Data listing>
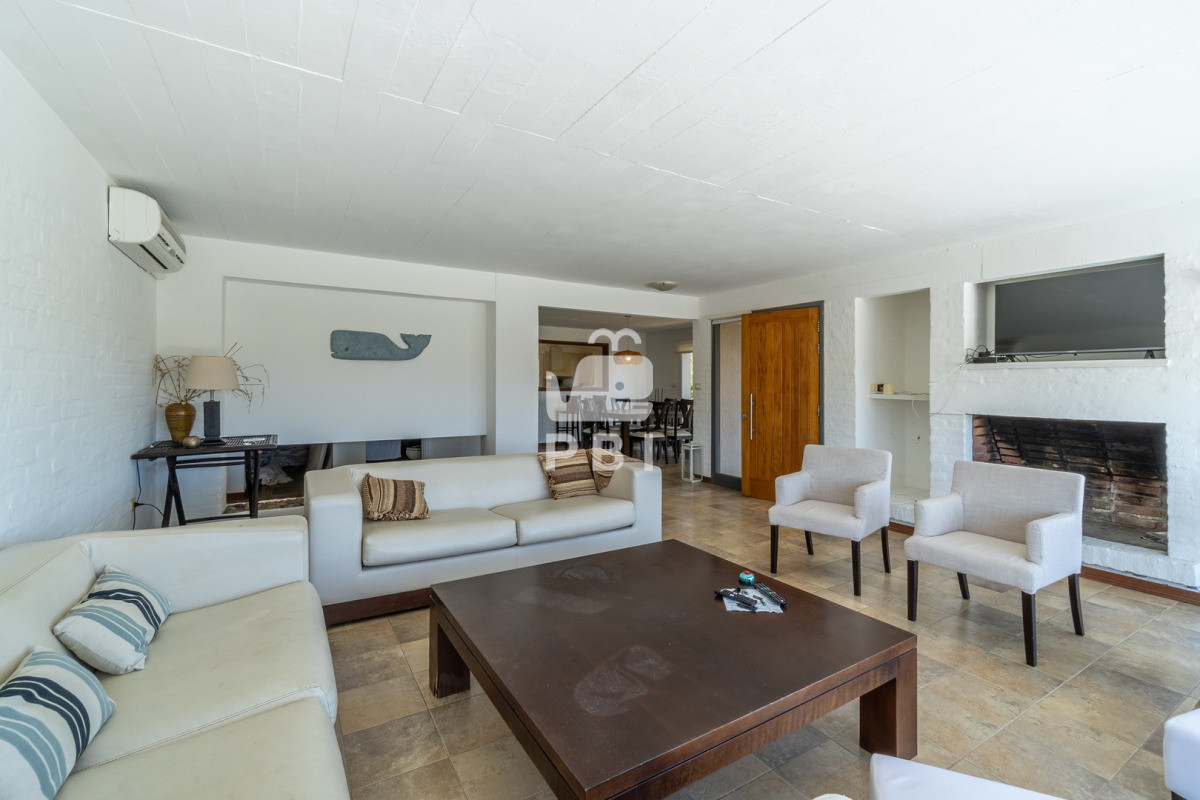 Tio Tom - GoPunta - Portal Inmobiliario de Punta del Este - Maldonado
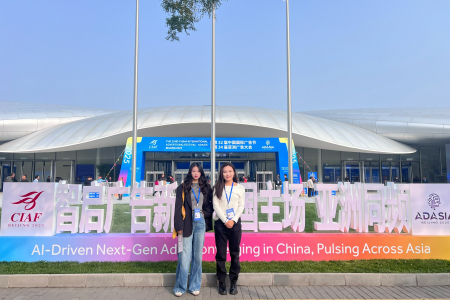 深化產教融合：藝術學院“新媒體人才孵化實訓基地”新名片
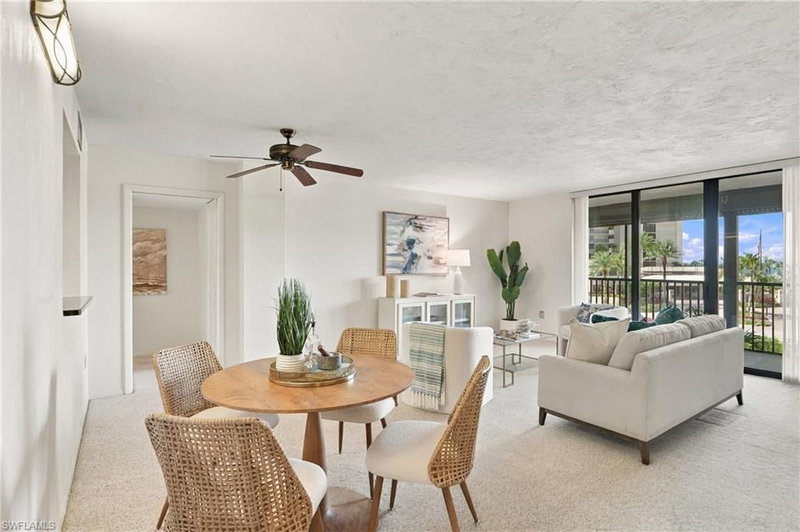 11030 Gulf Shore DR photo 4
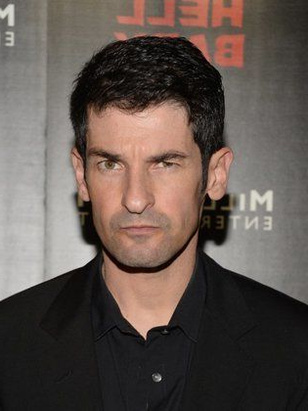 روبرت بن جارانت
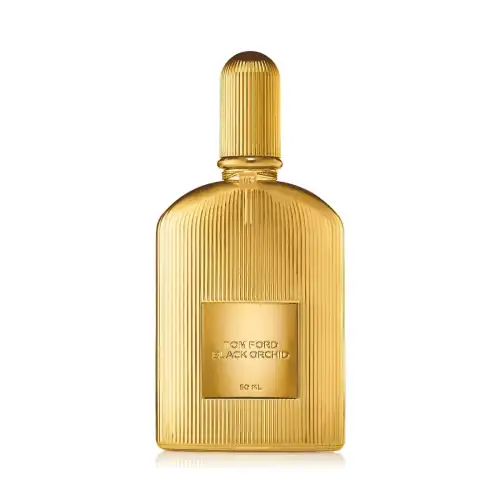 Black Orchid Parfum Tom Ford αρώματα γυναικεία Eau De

* * *

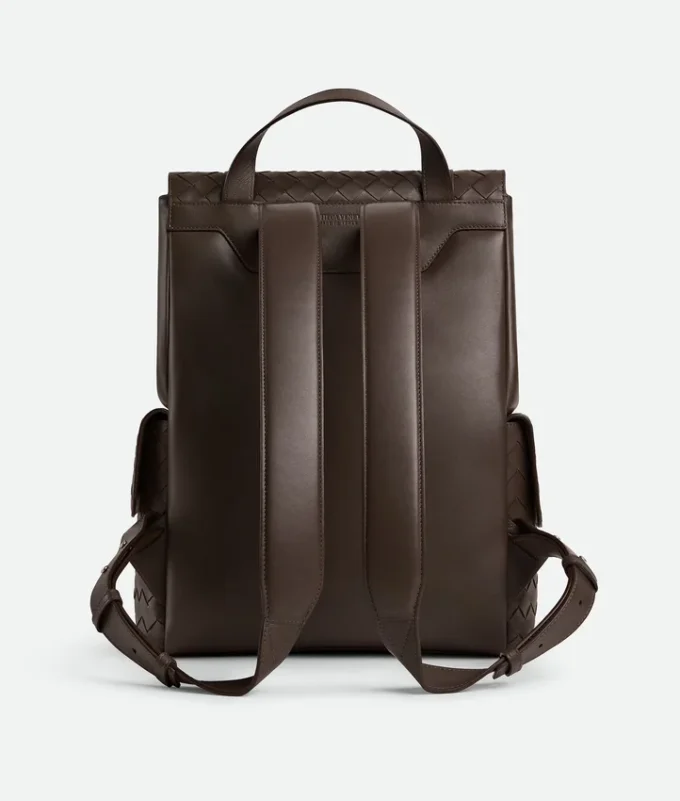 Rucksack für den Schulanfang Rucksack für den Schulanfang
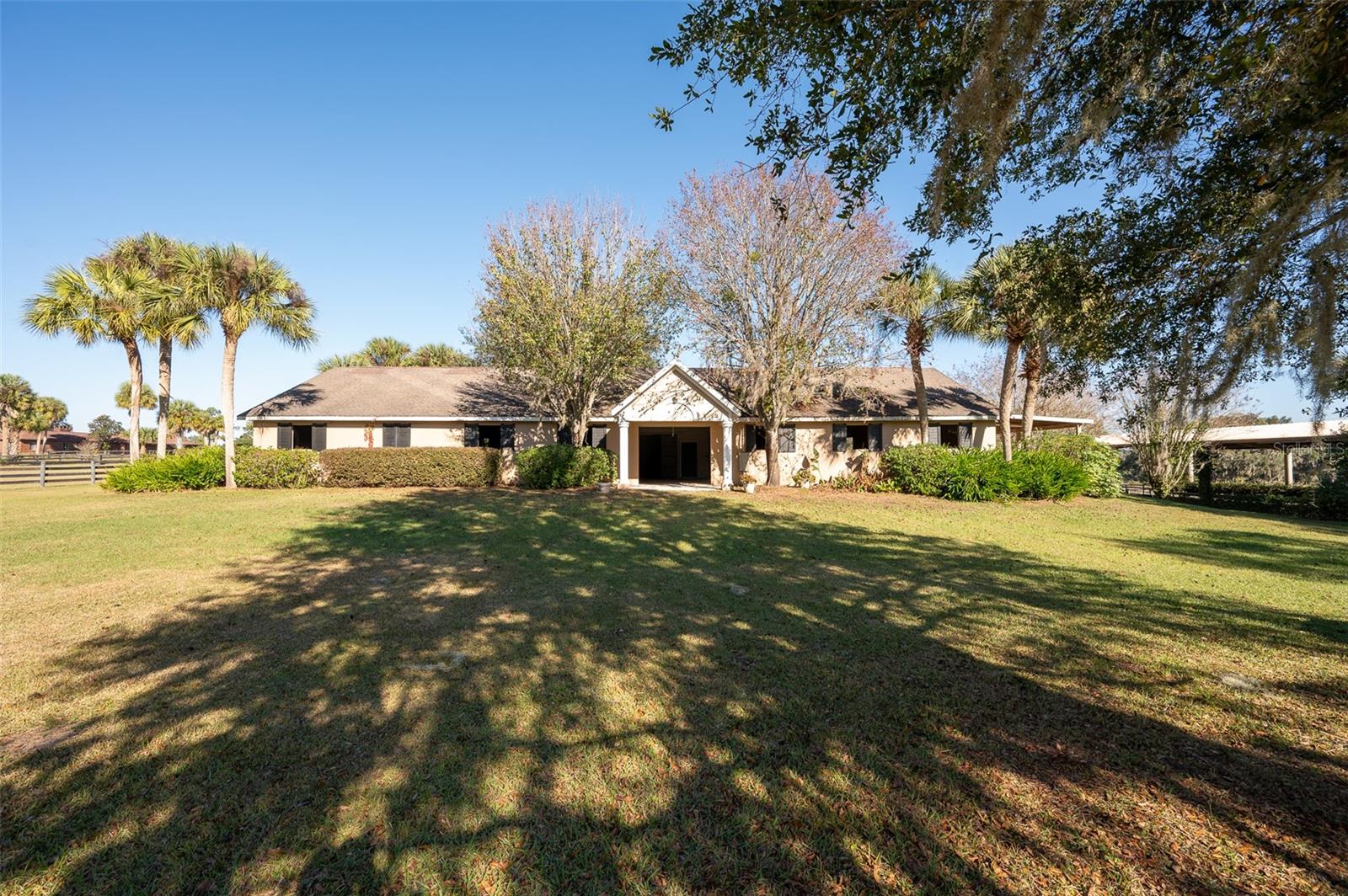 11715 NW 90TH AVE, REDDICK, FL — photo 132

---

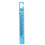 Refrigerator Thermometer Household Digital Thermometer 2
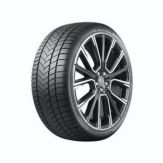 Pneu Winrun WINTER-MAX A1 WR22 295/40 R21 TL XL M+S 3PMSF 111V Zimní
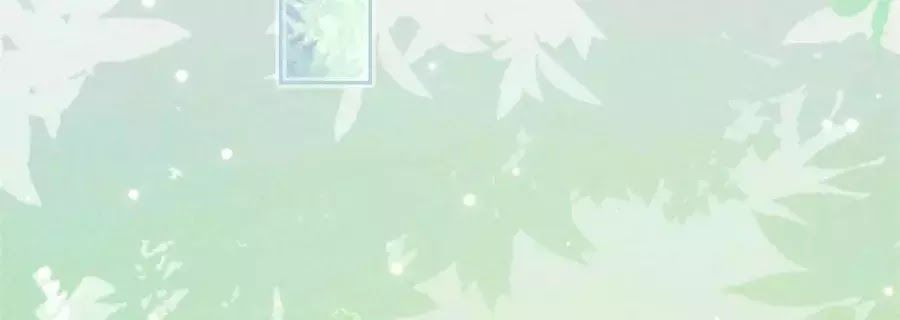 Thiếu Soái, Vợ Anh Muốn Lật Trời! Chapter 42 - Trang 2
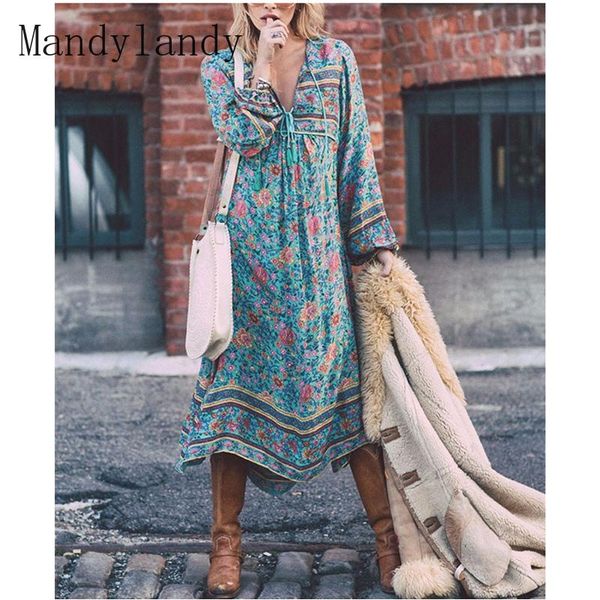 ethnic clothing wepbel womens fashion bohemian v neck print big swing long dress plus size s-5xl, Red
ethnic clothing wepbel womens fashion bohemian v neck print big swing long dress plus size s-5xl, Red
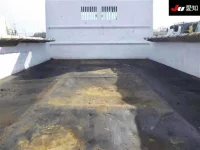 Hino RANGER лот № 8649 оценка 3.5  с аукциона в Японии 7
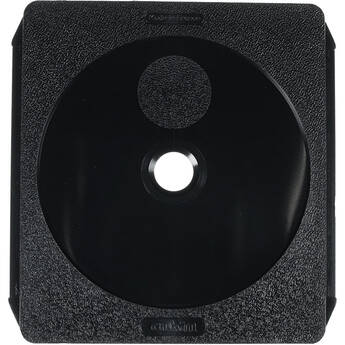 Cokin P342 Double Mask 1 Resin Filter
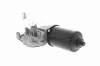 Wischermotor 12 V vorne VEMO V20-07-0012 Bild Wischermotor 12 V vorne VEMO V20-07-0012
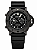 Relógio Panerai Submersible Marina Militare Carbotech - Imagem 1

Activity>
Respond with the exact lines above running from the one containing "Pneu Winrun WINTER-MAX" to the one containing "Relógio Panerai Submersible", both ends kept and no pictures included.

Solution below>
 Pneu Winrun WINTER-MAX A1 WR22 295/40 R21 TL XL M+S 3PMSF 111V Zimní
 Thiếu Soái, Vợ Anh Muốn Lật Trời! Chapter 42 - Trang 2
 ethnic clothing wepbel womens fashion bohemian v neck print big swing long dress plus size s-5xl, Red
ethnic clothing wepbel womens fashion bohemian v neck print big swing long dress plus size s-5xl, Red
 Hino RANGER лот № 8649 оценка 3.5  с аукциона в Японии 7
 Cokin P342 Double Mask 1 Resin Filter
 Wischermotor 12 V vorne VEMO V20-07-0012 Bild Wischermotor 12 V vorne VEMO V20-07-0012
 Relógio Panerai Submersible Marina Militare Carbotech - Imagem 1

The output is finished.